• _Material for this exercise_
-.-.-
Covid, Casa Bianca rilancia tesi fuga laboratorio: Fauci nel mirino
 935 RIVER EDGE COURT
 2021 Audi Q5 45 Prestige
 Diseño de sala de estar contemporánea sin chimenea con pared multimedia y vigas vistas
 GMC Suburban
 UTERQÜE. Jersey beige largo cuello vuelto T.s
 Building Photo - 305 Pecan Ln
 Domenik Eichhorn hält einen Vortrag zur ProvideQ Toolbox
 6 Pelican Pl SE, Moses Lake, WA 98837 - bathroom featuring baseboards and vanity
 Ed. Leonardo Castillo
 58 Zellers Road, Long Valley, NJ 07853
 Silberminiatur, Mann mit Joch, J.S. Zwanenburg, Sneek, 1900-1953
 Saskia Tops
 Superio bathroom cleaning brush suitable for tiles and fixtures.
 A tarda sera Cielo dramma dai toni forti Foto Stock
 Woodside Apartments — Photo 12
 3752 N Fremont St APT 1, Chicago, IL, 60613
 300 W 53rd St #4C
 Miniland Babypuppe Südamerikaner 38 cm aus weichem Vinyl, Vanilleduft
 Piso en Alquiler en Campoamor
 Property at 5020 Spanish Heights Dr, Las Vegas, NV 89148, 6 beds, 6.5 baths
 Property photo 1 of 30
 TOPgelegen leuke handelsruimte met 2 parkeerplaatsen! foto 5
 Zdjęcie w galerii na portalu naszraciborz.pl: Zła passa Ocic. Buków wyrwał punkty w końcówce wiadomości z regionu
-.-.-
Take the line with "Piso en Alquiler en Campoamor" and all lines after it through the end of the records, and write them out exactly; include nothing else.

 Piso en Alquiler en Campoamor
 Property at 5020 Spanish Heights Dr, Las Vegas, NV 89148, 6 beds, 6.5 baths
 Property photo 1 of 30
 TOPgelegen leuke handelsruimte met 2 parkeerplaatsen! foto 5
 Zdjęcie w galerii na portalu naszraciborz.pl: Zła passa Ocic. Buków wyrwał punkty w końcówce wiadomości z regionu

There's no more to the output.